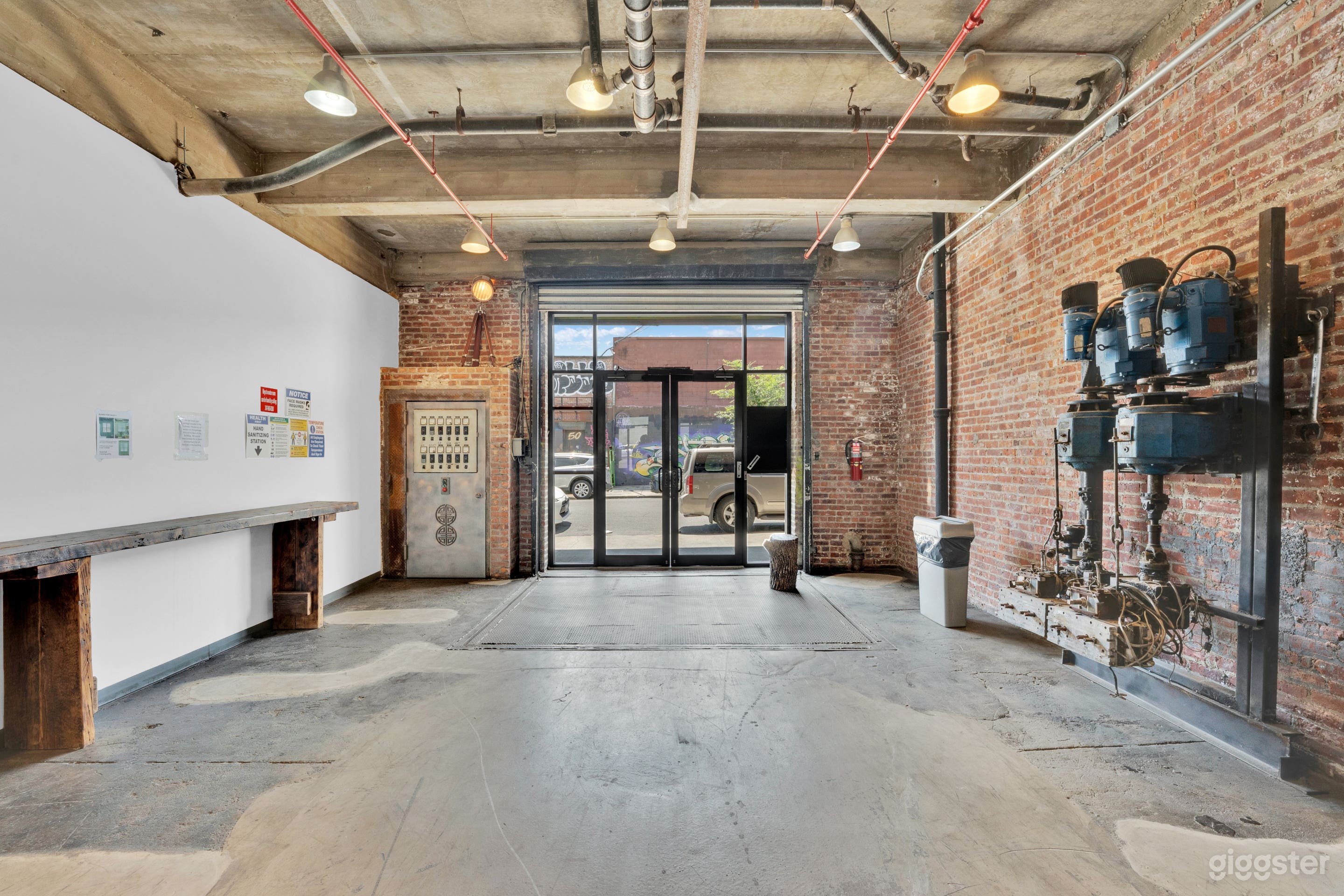 122: Affordable Natural Light Studio with Cyc Wall Photo 3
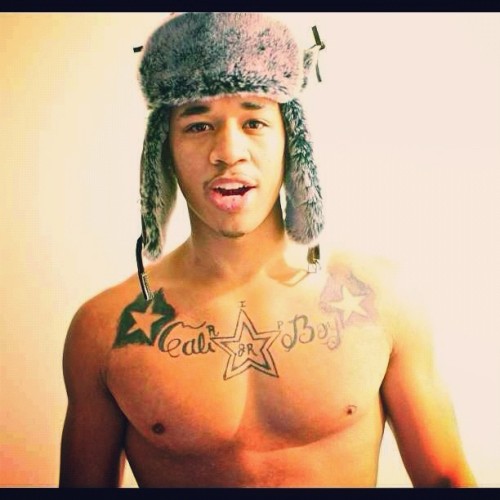 s-fit-c:  Aww his crute whittle perky nipples :)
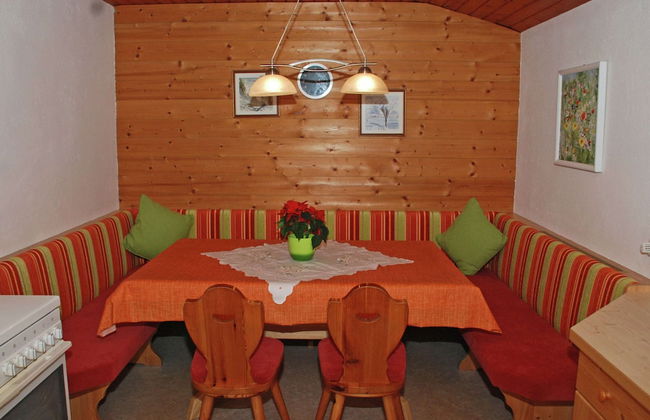 Apartment With Balcony in Hart im Zillertaler - Foto 9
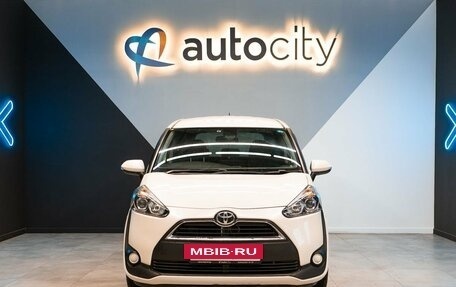 Toyota Sienta II, 2017 год, 1 588 500 рублей, 15 фотография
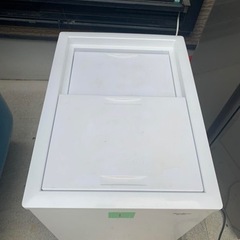 2022年  三ツ星貿易 冷凍庫 ストッカー KF-58SL 58L 業務用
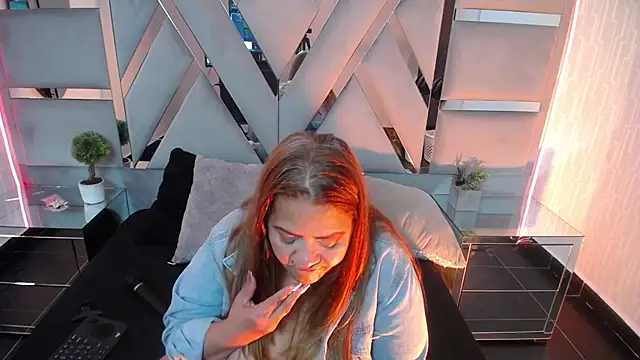 MonzerratBoyer live sex cam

——

Everything from the line containing "Apartment With Balcony" through the last line of the entries is to be output exactly as written, minus any pictures.

#### Final answer
 Apartment With Balcony in Hart im Zillertaler - Foto 9
 Toyota Sienta II, 2017 год, 1 588 500 рублей, 15 фотография
 2022年  三ツ星貿易 冷凍庫 ストッカー KF-58SL 58L 業務用
 MonzerratBoyer live sex cam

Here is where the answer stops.